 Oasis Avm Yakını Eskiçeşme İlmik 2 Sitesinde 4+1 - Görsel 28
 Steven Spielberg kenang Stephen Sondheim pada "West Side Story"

...

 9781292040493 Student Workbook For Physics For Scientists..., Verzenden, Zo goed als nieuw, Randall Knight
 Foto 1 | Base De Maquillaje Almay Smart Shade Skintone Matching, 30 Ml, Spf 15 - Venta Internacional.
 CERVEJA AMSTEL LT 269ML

...

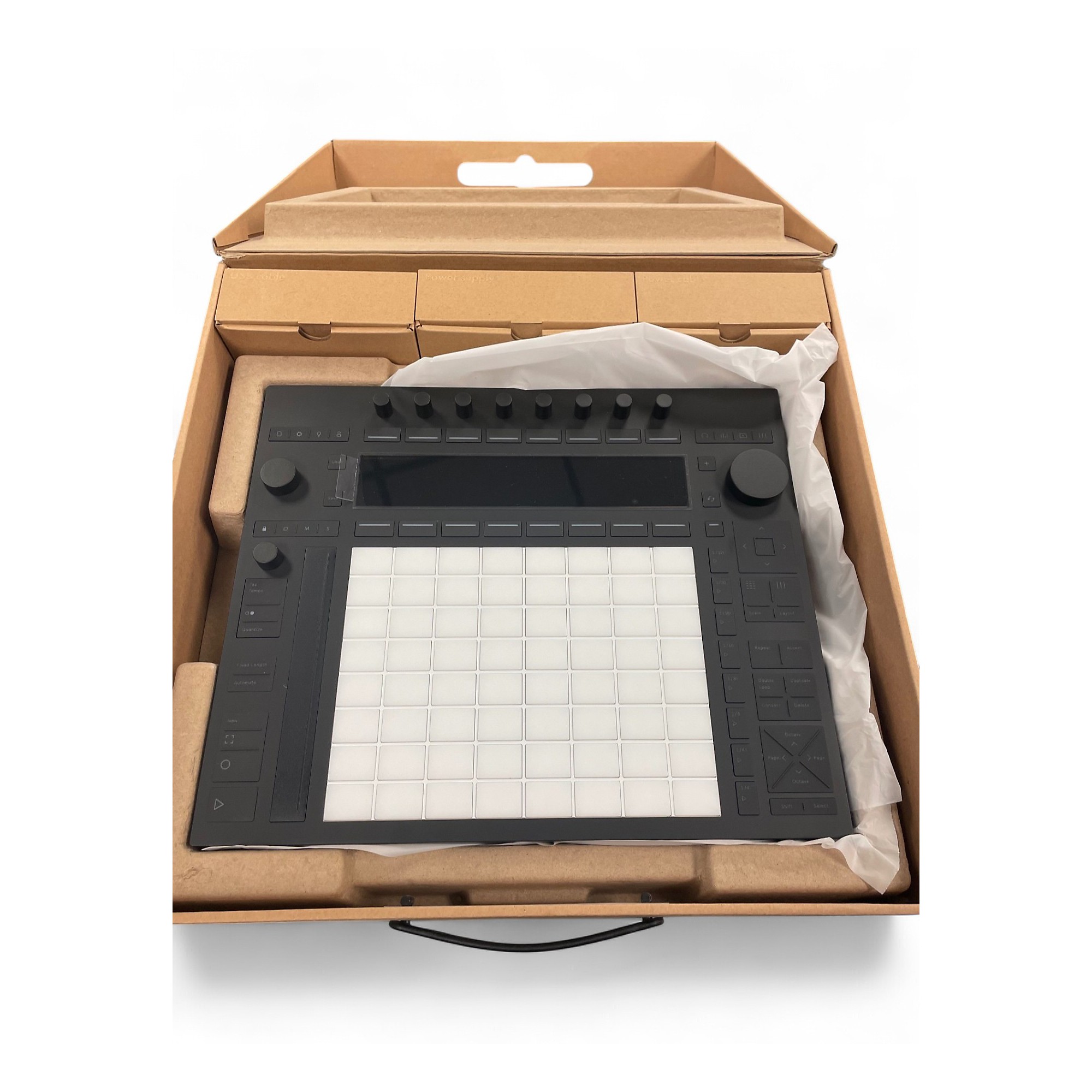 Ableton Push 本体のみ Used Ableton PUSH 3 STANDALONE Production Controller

_WHAT TO PRODUCE_.
Only the lines above from the line containing "Foto 1 | Base" through the line containing "CERVEJA AMSTEL LT 269ML" should be retyped, exactly and with both ends included.

_RESULT OF THE EXERCISE_.
 Foto 1 | Base De Maquillaje Almay Smart Shade Skintone Matching, 30 Ml, Spf 15 - Venta Internacional.
 CERVEJA AMSTEL LT 269ML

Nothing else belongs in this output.